1.6kg lamb leg or shoulder
1200ml chicken stock
Juice of 1 lemon
2 bay leaves
3 branches rosemary
3 Tbsp crème fraîche
1.5 egg yolk
Salt & white pepper
Before you throw up your hands and give up because of the chicken stock, you have many options to replace it with! Water alone will do fine. The addition of a stock cube will improve things and a tetrapack of Campbell’s Best will not put you to shame at all! I’ve tried all sorts of other ready packed stocks, from “organic” to “professional”, but I’ll put my money on this one. Don’t buy two, just lengthen this one litre with 200ml water. If you are opting to use just water, chuck a few extra vegetables into your pot. A branch of celery, an onion and maybe a leek will not be amiss. You can pick these out again after you’ve simmered your blanquette, or you can just serve the whole lot together.

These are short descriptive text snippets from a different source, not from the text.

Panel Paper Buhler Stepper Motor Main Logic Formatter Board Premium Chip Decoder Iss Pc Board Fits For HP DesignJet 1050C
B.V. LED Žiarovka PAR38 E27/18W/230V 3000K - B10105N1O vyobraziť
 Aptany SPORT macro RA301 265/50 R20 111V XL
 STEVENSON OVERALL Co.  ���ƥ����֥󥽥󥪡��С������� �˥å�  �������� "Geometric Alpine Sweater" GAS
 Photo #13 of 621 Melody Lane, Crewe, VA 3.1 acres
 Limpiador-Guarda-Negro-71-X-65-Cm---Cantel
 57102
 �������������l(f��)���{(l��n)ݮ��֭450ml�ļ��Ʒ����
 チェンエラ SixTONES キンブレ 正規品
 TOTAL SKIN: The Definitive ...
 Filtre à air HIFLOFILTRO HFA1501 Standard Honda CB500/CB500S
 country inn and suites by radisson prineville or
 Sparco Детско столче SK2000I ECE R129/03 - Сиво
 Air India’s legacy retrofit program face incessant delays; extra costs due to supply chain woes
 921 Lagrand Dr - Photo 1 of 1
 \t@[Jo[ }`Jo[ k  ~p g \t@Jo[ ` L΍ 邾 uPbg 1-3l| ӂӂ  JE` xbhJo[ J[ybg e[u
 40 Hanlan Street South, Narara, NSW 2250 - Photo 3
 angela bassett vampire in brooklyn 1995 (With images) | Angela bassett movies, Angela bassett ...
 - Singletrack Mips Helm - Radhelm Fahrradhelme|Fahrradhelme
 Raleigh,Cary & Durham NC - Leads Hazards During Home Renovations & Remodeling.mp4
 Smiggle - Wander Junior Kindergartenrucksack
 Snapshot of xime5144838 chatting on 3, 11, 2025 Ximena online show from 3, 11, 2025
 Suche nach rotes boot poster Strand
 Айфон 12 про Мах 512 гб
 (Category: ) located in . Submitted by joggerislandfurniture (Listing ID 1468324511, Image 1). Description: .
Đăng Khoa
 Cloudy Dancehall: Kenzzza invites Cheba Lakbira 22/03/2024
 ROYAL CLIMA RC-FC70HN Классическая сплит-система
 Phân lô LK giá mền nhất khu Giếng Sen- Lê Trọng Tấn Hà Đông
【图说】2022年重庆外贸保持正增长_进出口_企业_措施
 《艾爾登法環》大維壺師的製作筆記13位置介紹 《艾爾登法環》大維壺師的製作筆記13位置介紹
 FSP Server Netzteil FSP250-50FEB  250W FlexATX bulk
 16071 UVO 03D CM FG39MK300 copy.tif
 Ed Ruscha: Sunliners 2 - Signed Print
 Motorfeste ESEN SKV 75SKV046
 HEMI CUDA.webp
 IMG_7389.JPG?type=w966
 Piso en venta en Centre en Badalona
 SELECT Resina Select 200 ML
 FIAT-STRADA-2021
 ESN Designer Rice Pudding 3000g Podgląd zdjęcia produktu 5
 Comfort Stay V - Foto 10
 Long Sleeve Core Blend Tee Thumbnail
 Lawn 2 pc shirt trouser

Start by cutting your lamb into 1.5″ cubes. Don’t worry too much about the sizes not being the same and if your lamb leg is frozen, see the Hausfrauen Ratschlag below. Peel your carrots and cut them into big, thick slices. If you want to be anal about it like me, cut the thick top end into 1″ slices and then gradually increase the size as you cut to the thin end, where your last chunk should be 1.5″. Now you’re set to start the cooking.
Heat half a tablespoon of butter and half a tablespoon of olive oil in a cast iron pot. You can use any old pot, but you really should invest in a nice cast iron pot. They cost a fortune, but they will be with you for the rest of your life and if you are lucky enough to have children, they will take them off your hands once your cooking days are over. Watch out for the sales, as you can often pick up a Le Creuset or a Staub pot at 50% discount. It will still leave you a grand poorer.
This baby has been with me in Luxembourg, Paris, London, Hong Kong and Kuala Lumpur. I bought it when I was 16, so it’s been with me for 40 years. At the time I bought it, cost me every penny I had, but it is a purchase I’ve never regretted. It is now battered and dented, but it behaves very well indeed.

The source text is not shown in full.